Gdy wręcza się nagrody wielkim gwiazdom, wszystko musi być wielkie – szczególnie aplauz. Gdyby go zabrakło, pojawiłoby się zażenowanie.
Aby nie ryzykować i nie pokładać wszystkich nadziei w spontanicznej reakcji publiczności, organizatorzy imprez przygotowują specjalne dżingle z oklaskami, które w odpowiednim momencie wybuchają. No właśnie – w odpowiednim momencie. Czasem zdarza się jednak, że coś się zatnie w machinie albo trybik ruszy zbyt szybko. A wtedy…
Wówczas ma miejsce taka sytuacja, jaka wydarzyła się w czasie gali wręczenia Nagród Gildii Aktorów Filmowych.
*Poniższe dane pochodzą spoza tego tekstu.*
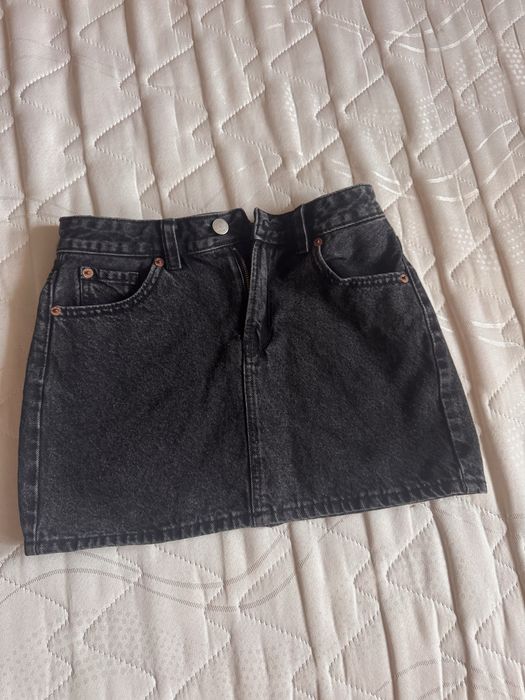 Продам спідницю Stradivarius XS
Kiedy Reese Witherspoon odczytywała nazwiska nominowanych do nagrody, w tle rozległy się gromkie oklaski. Po sekundzie ucichły. Zaskoczona aktorka przerwała przemówienie i zapytała:
– Co to był za hałas?
I dodała z uśmiechem:
– To nie byłam ja.
Czekamy na Oscary 2015. Na pewno i tam nie obędzie się bez wpadek, którymi show-biznes będzie się ekscytował przez parę dni.